High resolution drought forecasting
NIWA and the Ministry for Primary Industries (MPI) are working together to develop a new drought forecasting tool, with each organisation investing $100,000 in the project.
The tool uses innovative climate modelling, the latest in machine learning and other data-driven techniques. It will help farmers and growers better prepare for periods of dryness and drought.
The tool updates daily to provide forecasts at a much higher spatial resolution than previously available. This will enable the provision of district-level predictions of dryness and drought.
“Having a tool that draws on the best available science each day to provide advance warning of future dry spells will make a big difference to farmers' planning and decision making. This will not only contribute to the bottom line, but also to their own wellbeing and animal welfare.”
Nick Story, Director Rural Communities and Farming Support, MPI
Building on NIWA’s long history of drought forecasting
NIWA has provided Aotearoa New Zealand with seasonal rainfall predictions since 1999, when its Seasonal Climate Outlooks began.
In 2017 NIWA and MPI launched the NZ Drought Index (NZDI), an observational tool which measures the current state of dryness and drought.
Turning drought observations into forecasts: the NIWA35 deep learning model
The drought forecasting tool is part of the NIWA35 platform, which is using machine learning and deep learning to make high resolution sub-seasonal climate predictions up to 35 days ahead.
NIWA35 uses input data from a model issued daily by the US National Oceanic Atmospheric Administration (NOAA). NIWA uses the input data, alongside state-of-the-art deep learning, to create a downscaled (higher resolution) and more accurate forecast for Aotearoa New Zealand. This important step better captures the climatic variability that occurs across the country’s complex terrain.

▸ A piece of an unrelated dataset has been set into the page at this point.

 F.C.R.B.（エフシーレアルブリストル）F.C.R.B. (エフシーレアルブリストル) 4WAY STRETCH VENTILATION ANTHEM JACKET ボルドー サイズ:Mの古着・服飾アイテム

NIWA35 has been producing rainfall predictions since March 2021 and predictions for soil moisture and potential evapotranspiration are in development. The main goal of this work will be to combine the outputs of these different predictions to create a forecast of meteorological drought risk that is consistent with the NZDI. This will enable those across the primary sector to be more informed about the potential for abnormal dryness and drought than ever before.

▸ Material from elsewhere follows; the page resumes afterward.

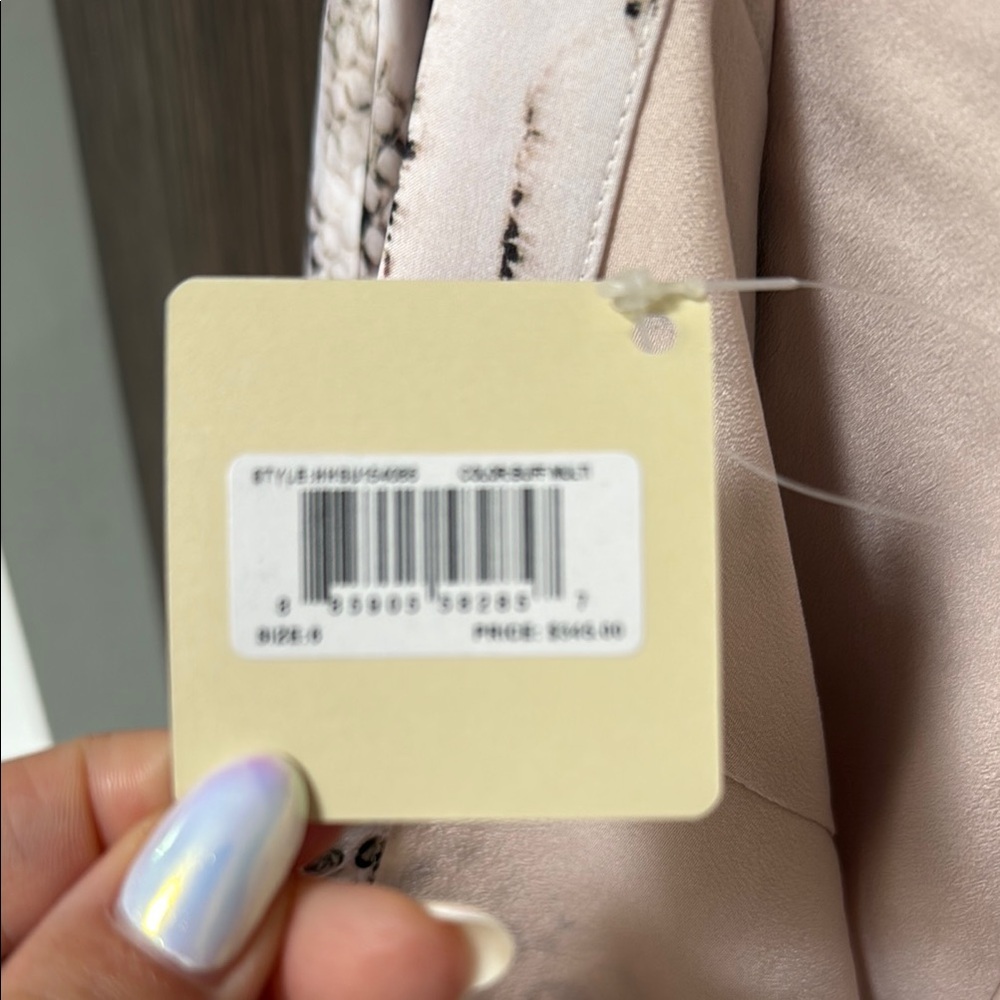 Haute Hippie Cream and Brown Wide Leg Pants - Picture 14 of 17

Regular briefings and real-time end user engagement
As part of the project, NIWA meteorologist Ben Noll provides regular briefings to MPI about drought risk across New Zealand, including presenting content from NIWA35 in development. This enables end users of the drought forecasting tool at MPI to give feedback in near real time as the project progresses, and this feedback to be incorporated into future development.
Next steps will include sharing a beta version of the drought forecast tool for testing by user groups in summer 2022/23.
The final product is expected to be made available publicly a year later (summer 2023/24).
An example image from the tool in development: January 2022 was a very dry month, as indicated by the dark red colouring and negative values on the Standardised Precipitation Index on the far right.
The NIWA35 outlook issued in late December 2021 indicated an elevated risk for January dryness. Note how the image on the far left (35-day forecast) is very similar to the image on the far right (observation).